Exercise data: Begin

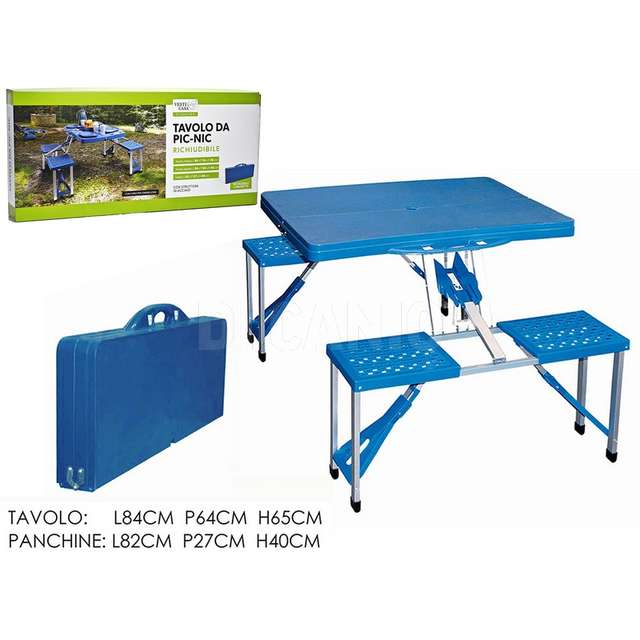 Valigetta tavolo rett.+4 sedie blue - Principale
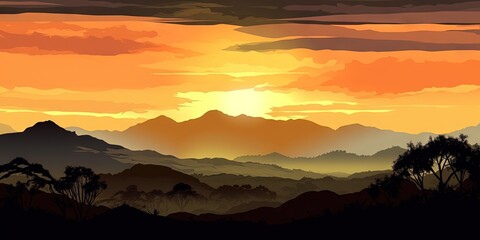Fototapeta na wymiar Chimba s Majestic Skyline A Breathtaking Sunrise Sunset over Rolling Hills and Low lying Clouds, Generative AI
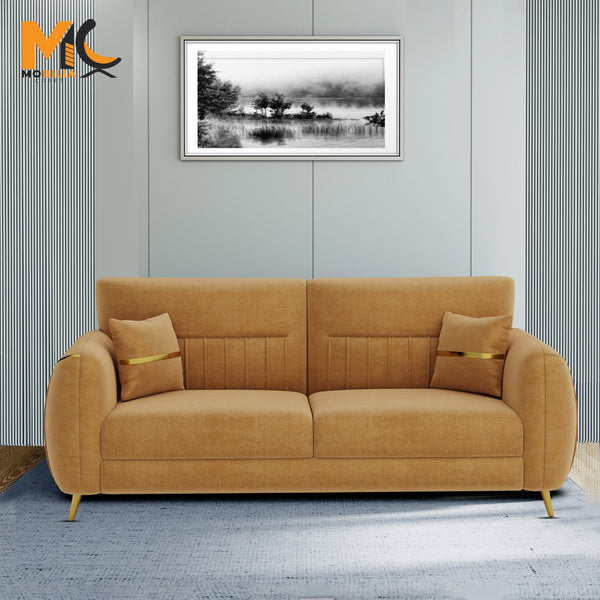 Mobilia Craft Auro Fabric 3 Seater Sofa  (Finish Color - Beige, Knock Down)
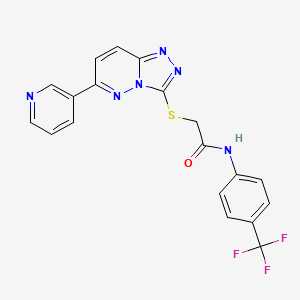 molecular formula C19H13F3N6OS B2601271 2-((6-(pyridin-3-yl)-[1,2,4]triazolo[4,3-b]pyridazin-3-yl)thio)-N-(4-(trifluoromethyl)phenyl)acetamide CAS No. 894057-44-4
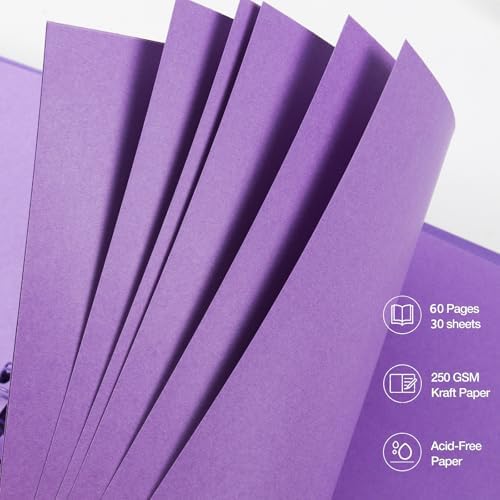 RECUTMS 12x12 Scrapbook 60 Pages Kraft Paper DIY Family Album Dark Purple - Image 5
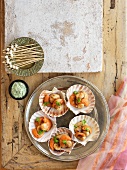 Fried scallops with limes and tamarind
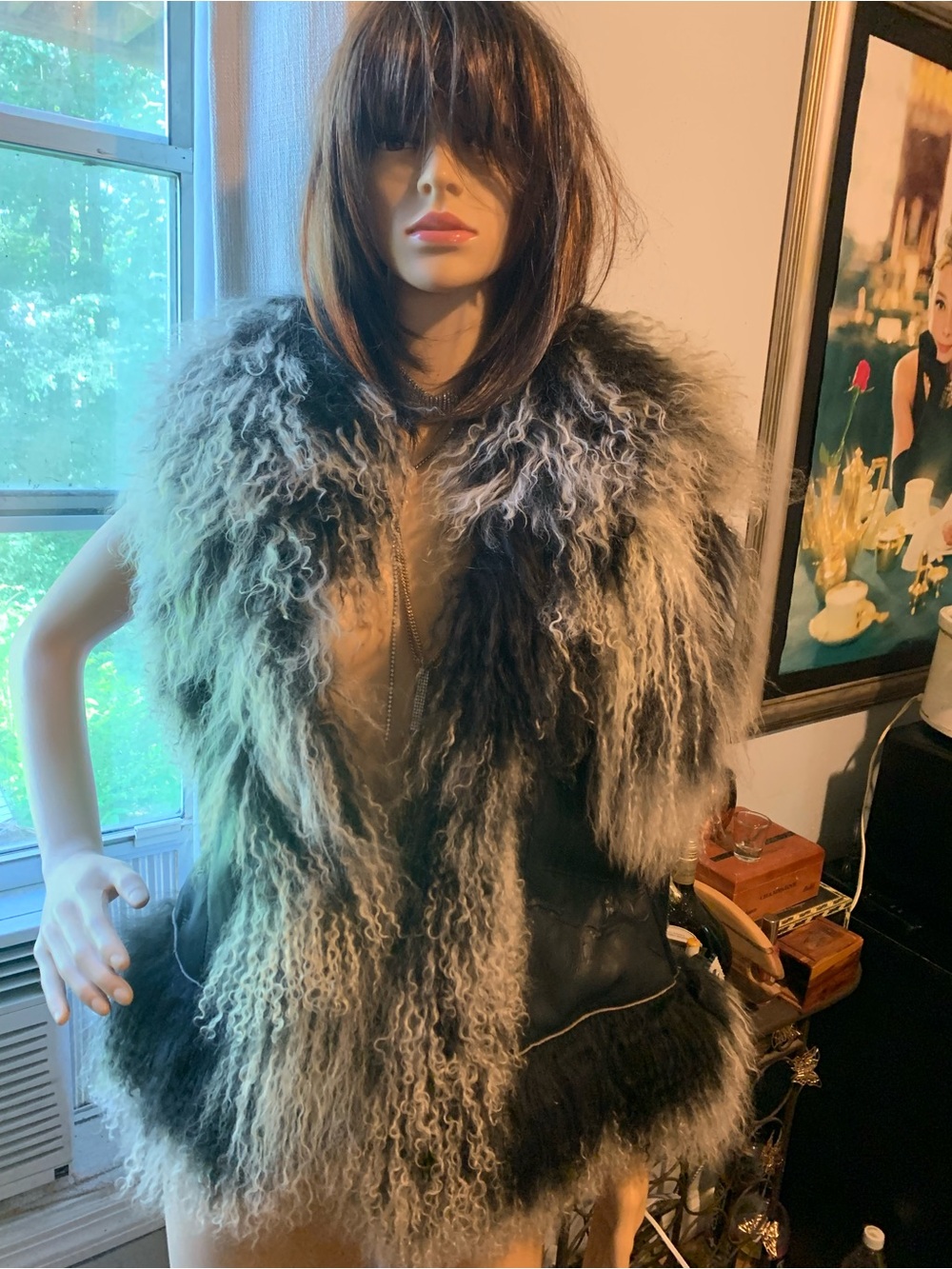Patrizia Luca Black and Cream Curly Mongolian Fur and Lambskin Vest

Exercise data: End

## Exercise objective:
Please reproduce, word for word, only the lines from the line that holds "molecular formula C19H13F3N6OS" through the final line of the entries above, omitting any pictures.

## Result of this task:
 molecular formula C19H13F3N6OS B2601271 2-((6-(pyridin-3-yl)-[1,2,4]triazolo[4,3-b]pyridazin-3-yl)thio)-N-(4-(trifluoromethyl)phenyl)acetamide CAS No. 894057-44-4
 RECUTMS 12x12 Scrapbook 60 Pages Kraft Paper DIY Family Album Dark Purple - Image 5
 Fried scallops with limes and tamarind
Patrizia Luca Black and Cream Curly Mongolian Fur and Lambskin Vest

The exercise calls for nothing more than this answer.